Prove the Poincare inequality: for any $u \in H_0^1(0,1)$ $$\int_0^1 u^2 dx \leq c \int_0^1 (u')^2 dx$$ for some constant $c>0$.

Hint: Write $u(x) = \int_0^x u'(s)ds$, then square this identity.

Proof:

Let $u(x) = \int_0^xu'(s)ds \Rightarrow |u(x)| \leq \int_0^x |u(s)|ds$.

Taking the supremum of both sides wrt $x$ we have $$||u||_\infty \leq \int_0^1 |u'(s)|ds.$$

We then square both sides (the involved quantities are nonnegative, so the direction of the inequality if preserved) and apply Cauchy Schwarz to obtain

$$||u||_\infty^2 \leq \bigg( \int_0^1 |u'(s)|ds\bigg) ^2 \leq \int_0^1(u'(s))^2ds \int_0^1 1^2 ds = ||u'||_{L^2(0,1)}^2.$$

Finally, we have $$||u||_{L^2(0,1)}^2 = \int_0^1 |u|^2 dx \leq \int_0^1 ||u||_\infty^2 dx = ||u||_\infty^2 \int_0^1 1 dx = ||u||_\infty^2.$$

This combined with the work above gives the desired result that $||u||_{L^2(0,1)}^2 \leq c||u'||_{L^2(0,1)}^2$ for $c=1$.

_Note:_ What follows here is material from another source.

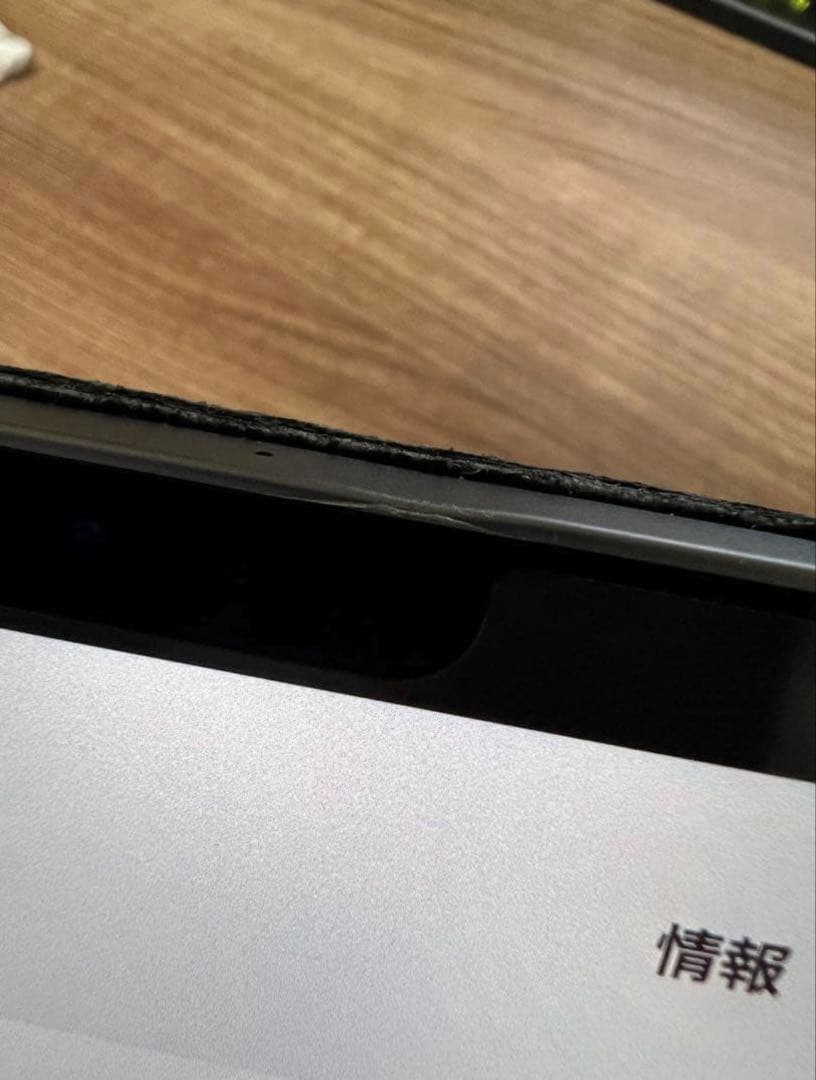 iPad本体 iPad Pro 11-inch Space Gray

• You might want to try square the given identity and then integrate it from 0 to 1 instead. – Chee Han May 8 '17 at 23:23

## 1 Answer

You haven't exactly followed the hint, but your proof seems correct.

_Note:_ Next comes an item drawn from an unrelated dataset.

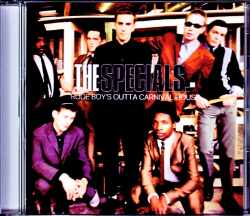 Specials スペシャルズ/Tokyo,Japan 1980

As pointed out by Chee Han, you could follow the hint by squaring the given identity (using the Cauchy-Schwarz inequality like you did), integrating from $0$ to $1$ and exchanging the order of integration. If I'm not mistaken, this would give a better constant: $c = \frac 12$.

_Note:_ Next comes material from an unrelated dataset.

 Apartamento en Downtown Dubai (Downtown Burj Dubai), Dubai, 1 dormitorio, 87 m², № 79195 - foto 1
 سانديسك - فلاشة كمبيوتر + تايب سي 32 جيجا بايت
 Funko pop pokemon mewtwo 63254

This could be further improved by using $u(x) = \int_0^x u'(s)ds$ for $0 < x \le \frac 12$ and $u(x) = -\int_x^1 u'(s)ds$ for $\frac 12 \le x < 1$, i.e. using the shortest path from $x$ to the boundary of $(0,1)$.

If you're looking for the optimal constant $c = \frac{1}{\pi^2}$, it is attained for $u(x) = \sin(\pi x)$. This can be seen e.g. via the Fourier transform.